Llegado a la madurez, era el hombre más respetado en su pueblo, sin hacer, en apariencia, nada extraordinario. Sus trabajos en el taller eran perfectos; su manera de tratar a las personas, inigualable; el amor con que acogía a los niños y a los pobres y a los sufrientes, conmovedor. La manera con que miraba a María y hablaba de Ella, una perfecta conjunción de delicadeza y reverencia. La manera en que escuchaba la Palabra en la sinagoga y en que oraba, algo jamás antes visto.

Esta vez, el abrazo duró más que de costumbre.

Porque Jesús le había dicho a su Madre que había llegado el momento de partir. De ocuparse “de los asuntos de su Padre”. Que debía ir más allá del Jordán donde su primo Juan, para iniciar su misión.

María recordó entonces, una vez más, las palabras del anciano en el Templo: “una espada…”. Jesús amaba toda la Escritura y la conocía como nadie, pero tenía una especial predilección por Isaías y, en él, por los cánticos del Siervo. María intuía algo grande y terrible, pero callaba y confiaba.

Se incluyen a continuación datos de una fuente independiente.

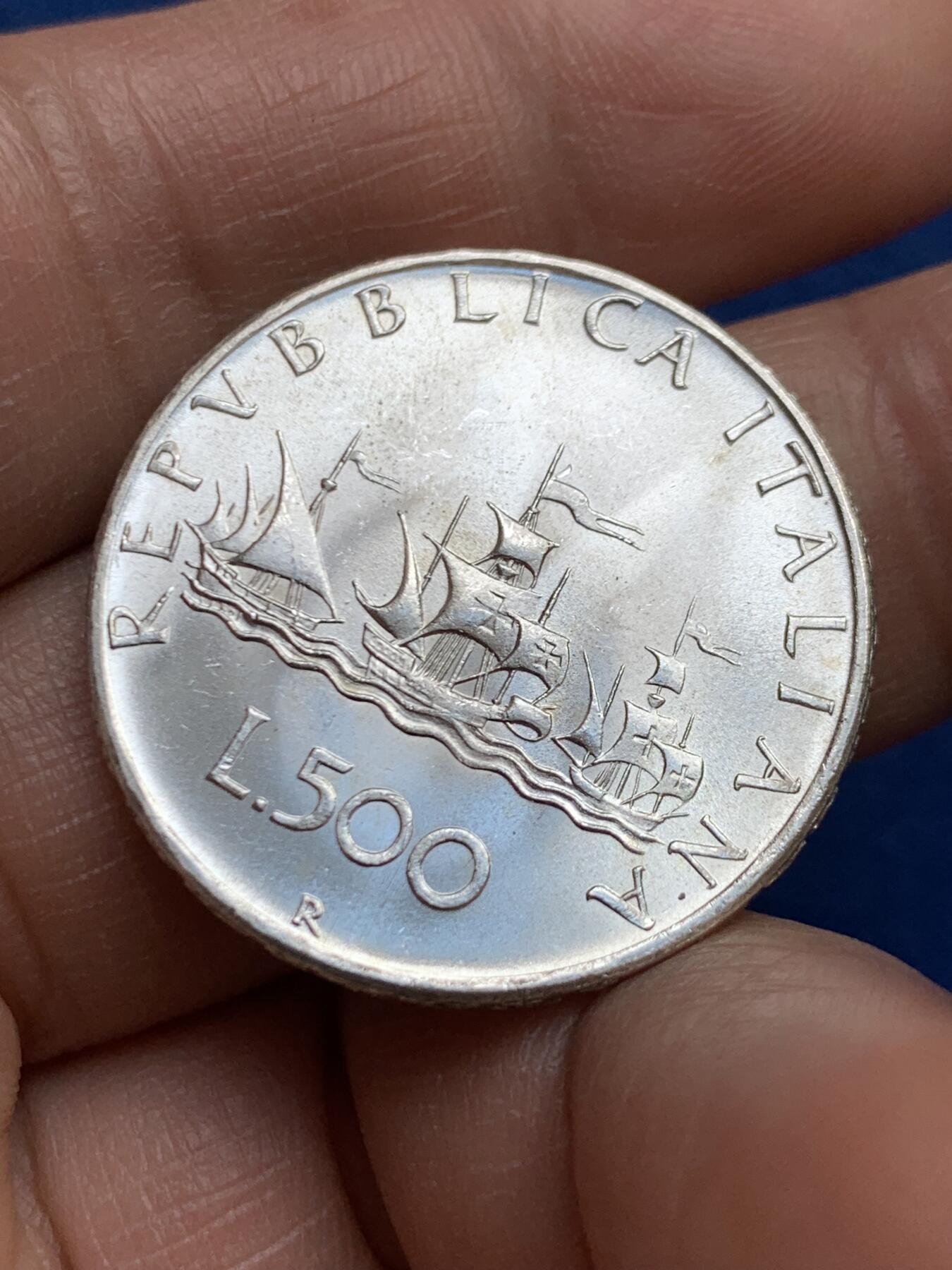 《竞宝斋》第468场 周日，周一 2场连拍 （全场包邮）欢迎送拍 意大利1966年帆船少女500里拉银币，原光好品，11g，835银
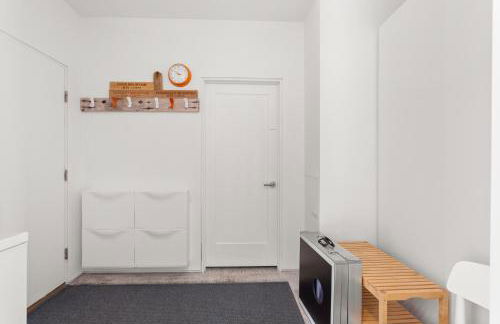 Private Oasis easy access to Park and Town - Foto 25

Jesús se alejó en soledad y así caminó hacia el Jordán, llevando el abrazo y la mirada de María, y todos los años de vida oculta en su interior. Caminaba con paso decidido, y al llegar, se mezcló, uno más, entre la gente. No eran precisamente los más santos: había allí soldados de vida inmoral y porte intimidante, mujeres de mala vida con sus rostros marcados por el pecado, publicanos con la ambición grabada en sus ojos, bandidos y malhechores salidos de sus refugios, atraídos por la recia predicación del Bautista.

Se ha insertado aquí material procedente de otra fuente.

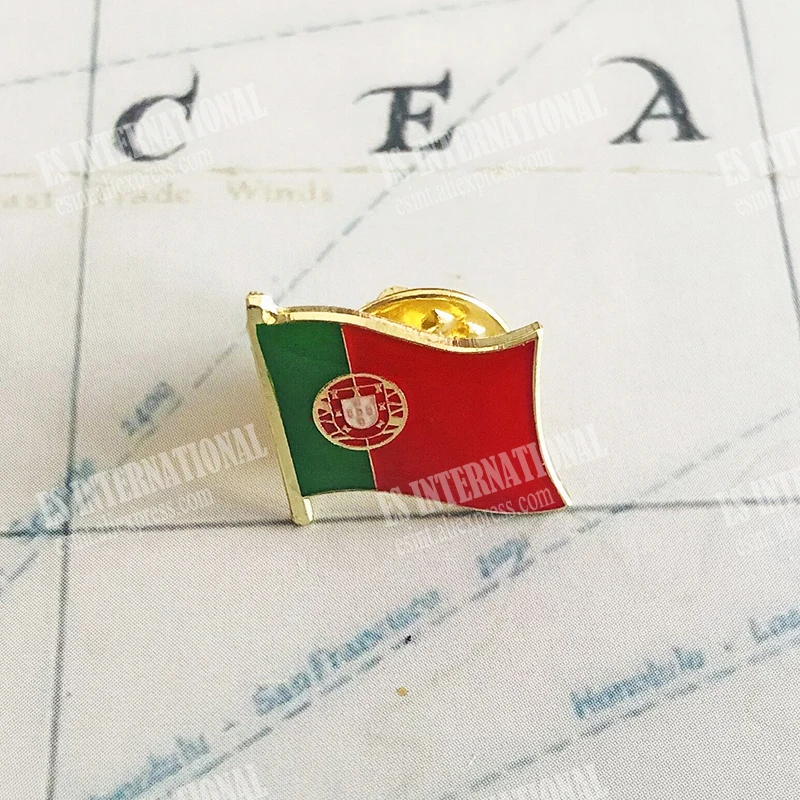 Portugal Portuguesa National Flag Lapel Pins Crystal Epoxy Metal Enamel Badge Paint Brooch Souvenir Suit  Personality  Commemora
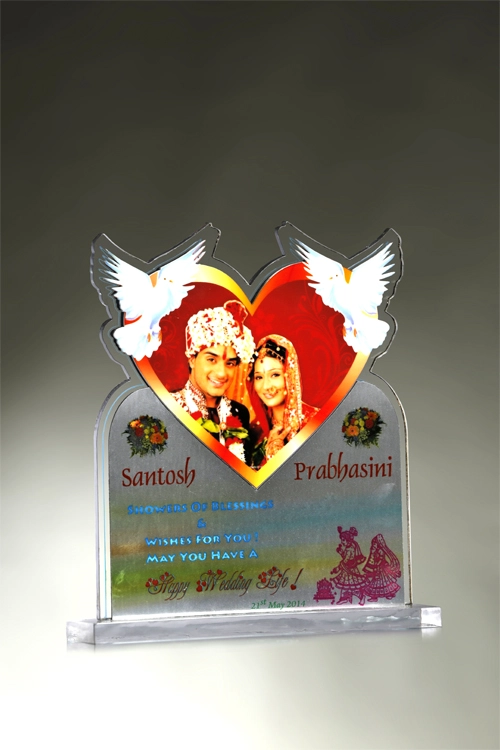 Heart Shape Gifts, Acrylic Memento & Plaques ( WA 010 )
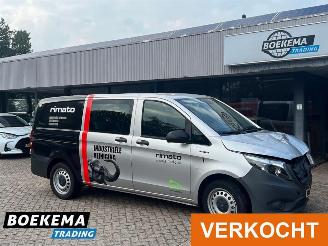 skadebil bedrijf Mercedes eVito eVito Lang 66 kWh 5-Pers Navi Airco stoelverw. 2022/7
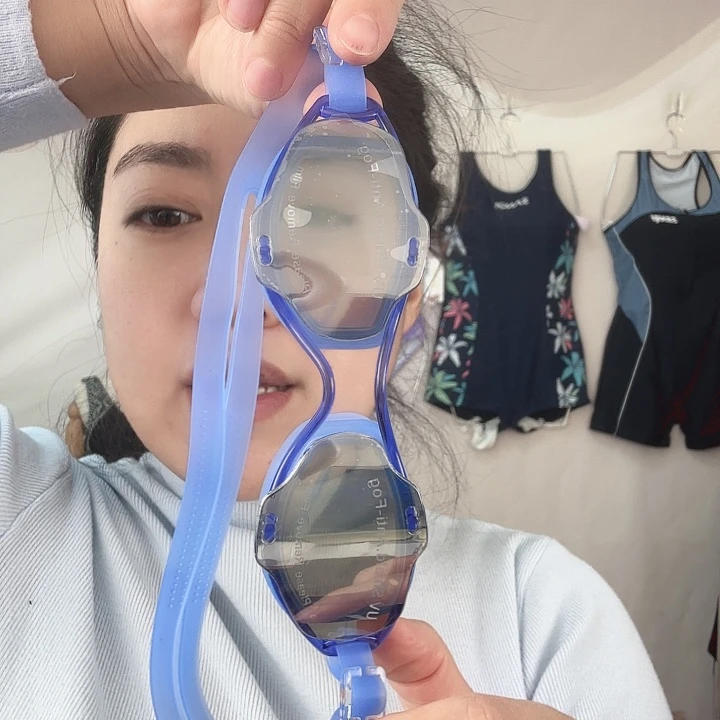 微瑕蓝色眼睛不规则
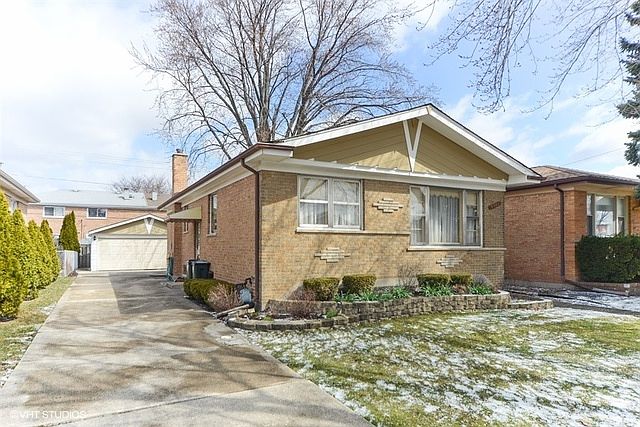 1st image of 9948 Eden Dr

Todos ellos estaban allí con un deseo: confesar sus pecados y comenzar una vida nueva, distinta, pura. Querían que el agua de este río penetrara en sus corazones y les devolviera, de alguna manera, la inocencia.

Jesús caminó en silencio entre todos ellos. Los conocía y amaba a cada uno. Había venido al mundo con una única misión: tomar sobre sí sus faltas y hacerlos sus hermanos.

Al llegar ante Juan, éste se sorprendió. De pronto, supo que toda su existencia había tenido sentido para ese momento. Su humanidad, sin embargo, se resistía a lo inaudito. ¿Cómo él, Juan, podía bautizar en ese mismo río, junto a todos esos pecadores, al Sol que nacía de lo alto, al Señor? Pero Juan era obediente, y obedeció. Entendió que ese gesto era necesario, como preludio de la obra redentora.

Jesús entró en silencio al río, sumergiéndose por completo, como todos, sin que nadie pudiera percibir nada distinto. Pero al salir, de pronto, una haz potente de luz se abrió paso en el cielo encapotado… una inmaculada paloma descendió y permaneció sobre Él, aleteando suavemente… y una voz, la misma del Paraíso, la misma del Sinaí, la misma que Jesús oía en su interior desde toda la eternidad, se oyó inconfundible en aquel paraje: “Tú eres mi hijo muy querido…”

Juan temblaba y con gesto decidido se postró ante Jesús, que emergía del agua refulgente de belleza y majestad, con los brazos sobre su cuerpo y los ojos cerrados. Algunos escucharon que el Bautista musitaba, emocionado: “Cordero de Dios, que quitas el pecado del mundo, ten piedad de nosotros… que tú crezcas, y yo disminuya”. Otros oyeron a Jesús decir: “Aquí estoy, Señor, para hacer tu voluntad”


Reflexionar

Jesús santificó su vida oculta trabajando con esmero y alegría y amando a todos, especialmente a los más débiles. ¿Sabes tú santificar tu trabajo?

Juan el Bautista cumple su misión con decisión y humildad, sabiendo reconocer y aceptar el tiempo establecido por Dios, dando un paso al costado al comprender su final. ¿Sabes tú obrar con humildad, con discreción y con prudencia?

Jesús vive movido por el Espíritu Santo y obediente a los planes del Padre. Su identidad es ser hijo. ¿Sabes tú agradecer el don de la filiación divina, recibido en el Bautismo? ¿Intentas descubrir qué quiere el Padre de ti en este momento preciso?


Pedir

Jesús, gracias por haber purificado mis pecados al hacerte uno de nosotros. Dame la gracia de vivir en la pureza y la santidad.

Jesús, ayúdame a ser como Juan el Bautista, y ayudar a otros a descubrirte presente en medio del mundo.

Jesús, dame tu Espíritu Santo para que ya no sea la carne sino Él el motor y el sentido de mi vida entera. Amén.